Hi Amel,
I don't remember the original example, maybe I just used the absolute address for the question simplicity. Here is a similar exam:
/**
* @brief Starts the TIM Base generation in interrupt mode.
* @param htim : TIM handle
* @retval HAL status
*/
HAL_StatusTypeDef HAL_TIM_Base_Start_IT(TIM_HandleTypeDef *htim)
{
/* Check the parameters */
assert_param(IS_TIM_INSTANCE(htim->Instance));
/* Enable the TIM Update interrupt */
__HAL_TIM_ENABLE_IT(htim, TIM_IT_UPDATE);
/* Enable the Peripheral */
__HAL_TIM_ENABLE(htim);
/* Return function status */
return HAL_OK;
}
Here __HAL_TIM_ENABLE_IT seems to me as not an atomic instruction that read/write from/to HW register and it is not protected.
HOWEVER, I changed my mind. I think now that HAL is not necessarily supposed to be Thread Safe. It should be a "Driver" that needs to speak with the HAL and provide HAL protection with various RTOS means, like, semaphore, mutex and etc., so this is how I justified this behavior.
On the other hand, in some other cases I do see an attempt to protect global registers from non-atomic access from concurrent threads/different contexts, e.g.

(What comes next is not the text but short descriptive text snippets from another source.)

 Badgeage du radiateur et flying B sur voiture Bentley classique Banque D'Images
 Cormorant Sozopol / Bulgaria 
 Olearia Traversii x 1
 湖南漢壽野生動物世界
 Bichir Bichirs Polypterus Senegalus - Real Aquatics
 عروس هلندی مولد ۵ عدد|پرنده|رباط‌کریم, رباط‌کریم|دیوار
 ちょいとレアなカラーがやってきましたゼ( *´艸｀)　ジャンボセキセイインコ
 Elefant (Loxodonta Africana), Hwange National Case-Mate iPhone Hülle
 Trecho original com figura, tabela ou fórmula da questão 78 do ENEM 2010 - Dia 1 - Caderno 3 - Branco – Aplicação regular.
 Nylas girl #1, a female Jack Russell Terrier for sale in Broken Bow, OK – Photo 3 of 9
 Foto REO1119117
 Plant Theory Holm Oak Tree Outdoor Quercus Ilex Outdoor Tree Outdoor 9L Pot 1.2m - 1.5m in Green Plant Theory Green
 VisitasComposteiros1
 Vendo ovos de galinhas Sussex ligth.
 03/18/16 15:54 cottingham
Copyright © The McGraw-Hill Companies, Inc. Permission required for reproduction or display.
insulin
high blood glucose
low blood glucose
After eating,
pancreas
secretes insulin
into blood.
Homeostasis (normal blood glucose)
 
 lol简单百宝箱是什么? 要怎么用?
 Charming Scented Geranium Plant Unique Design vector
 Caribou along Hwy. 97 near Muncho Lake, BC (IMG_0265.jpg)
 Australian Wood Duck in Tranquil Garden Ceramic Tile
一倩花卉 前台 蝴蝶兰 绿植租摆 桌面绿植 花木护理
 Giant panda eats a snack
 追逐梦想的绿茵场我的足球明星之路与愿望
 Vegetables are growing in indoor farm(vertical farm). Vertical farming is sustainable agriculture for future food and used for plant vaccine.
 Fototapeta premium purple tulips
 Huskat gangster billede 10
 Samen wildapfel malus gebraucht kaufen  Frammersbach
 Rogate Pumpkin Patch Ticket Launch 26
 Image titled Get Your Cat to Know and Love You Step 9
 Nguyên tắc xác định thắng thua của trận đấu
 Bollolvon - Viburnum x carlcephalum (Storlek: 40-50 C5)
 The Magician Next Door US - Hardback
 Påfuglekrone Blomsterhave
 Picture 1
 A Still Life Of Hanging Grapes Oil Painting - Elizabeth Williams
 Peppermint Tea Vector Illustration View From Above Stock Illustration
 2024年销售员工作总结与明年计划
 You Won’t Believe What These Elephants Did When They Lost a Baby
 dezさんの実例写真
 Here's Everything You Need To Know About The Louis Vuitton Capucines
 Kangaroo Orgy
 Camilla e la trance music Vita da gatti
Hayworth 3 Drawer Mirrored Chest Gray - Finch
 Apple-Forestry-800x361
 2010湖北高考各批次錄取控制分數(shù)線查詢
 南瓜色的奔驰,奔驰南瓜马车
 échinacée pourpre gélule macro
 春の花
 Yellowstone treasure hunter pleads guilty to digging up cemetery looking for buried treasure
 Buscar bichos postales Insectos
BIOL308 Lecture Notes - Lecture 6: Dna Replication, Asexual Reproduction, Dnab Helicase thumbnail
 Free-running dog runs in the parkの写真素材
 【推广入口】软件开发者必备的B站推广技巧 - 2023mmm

HAL_StatusTypeDef HAL_TIM_Base_Stop(TIM_HandleTypeDef *htim)
{
/* Check the parameters */
assert_param(IS_TIM_INSTANCE(htim->Instance));
/* Set the TIM state */
htim->State= HAL_TIM_STATE_BUSY;
/* Disable the Peripheral */
__HAL_TIM_DISABLE(htim);
/* Change the TIM state*/
htim->State= HAL_TIM_STATE_READY;
/* Return function status */
return HAL_OK;
}
Here __HAL_TIM_DISABLE(htim); is kind of "protected" by writing BUSY before the macro is called and then READY . So I don't understand why in my 1st example ST didn't use the same approach like in the 2nd one?